Distinct variable groups:   x,y,A   x,B,y

Proof of Theorem karden

Step	Hyp	Ref	Expression
1		karden.1	. . . . . . . 8 |- A e. V
2	1	enref 4391	. . . . . . 7 |- A ~~ A
3		breq1 2622	. . . . . . . 8 |- (w = A -> (w ~~ A <-> A ~~ A))
4	1, 3	cla4ev 1869	. . . . . . 7 |- (A ~~ A -> E.w w ~~ A)
5	2, 4	ax-mp 7	. . . . . 6 |- E.w w ~~ A
6		abn0 2290	. . . . . 6 |- ({w | w ~~ A} =/= (/) <-> E.w w ~~ A)
7	5, 6	mpbir 190	. . . . 5 |- {w | w ~~ A} =/= (/)
8		scott0 4717	. . . . . 6 |- ({w | w ~~ A} = (/) <-> {z e. {w | w ~~ A} | A.y e. {w | w ~~ A} (rank` z) (_ (rank` y)} = (/))
9	8	necon3bii 1598	. . . . 5 |- ({w | w ~~ A} =/= (/) <-> {z e. {w | w ~~ A} | A.y e. {w | w ~~ A} (rank` z) (_ (rank` y)} =/= (/))

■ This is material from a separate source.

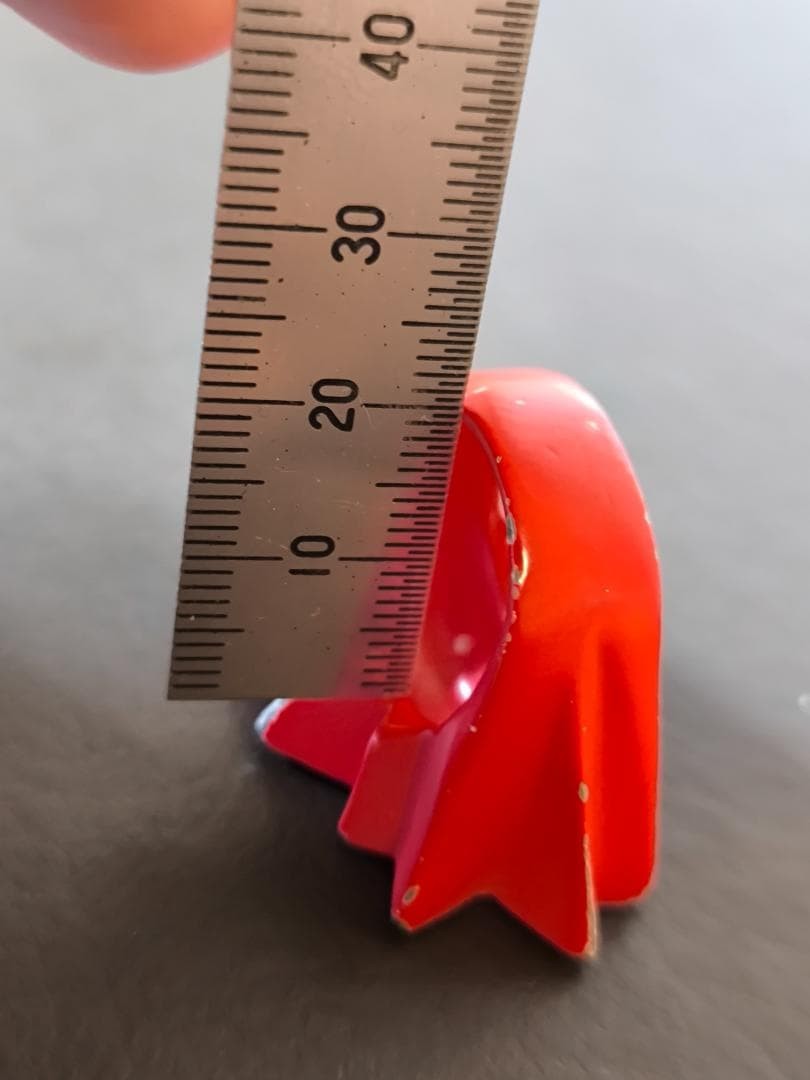 AMBUSH POW ring, red inner diameter 20mm used Japan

10	7, 9	mpbi 189	. . . 4 |- {z e. {w | w ~~ A} | A.y e. {w | w ~~ A} (rank` z) (_ (rank` y)} =/= (/)
11		rabn0 2292	. . . 4 |- ({z e. {w | w ~~ A} | A.y e. {w | w ~~ A} (rank` z) (_ (rank` y)} =/= (/) <-> E.z e. {w | w ~~ A}A.y e. {w | w ~~ A} (rank` z) (_ (rank` y))
12	10, 11	mpbi 189	. . 3 |- E.z e. {w | w ~~ A}A.y e. {w | w ~~ A} (rank` z) (_ (rank` y)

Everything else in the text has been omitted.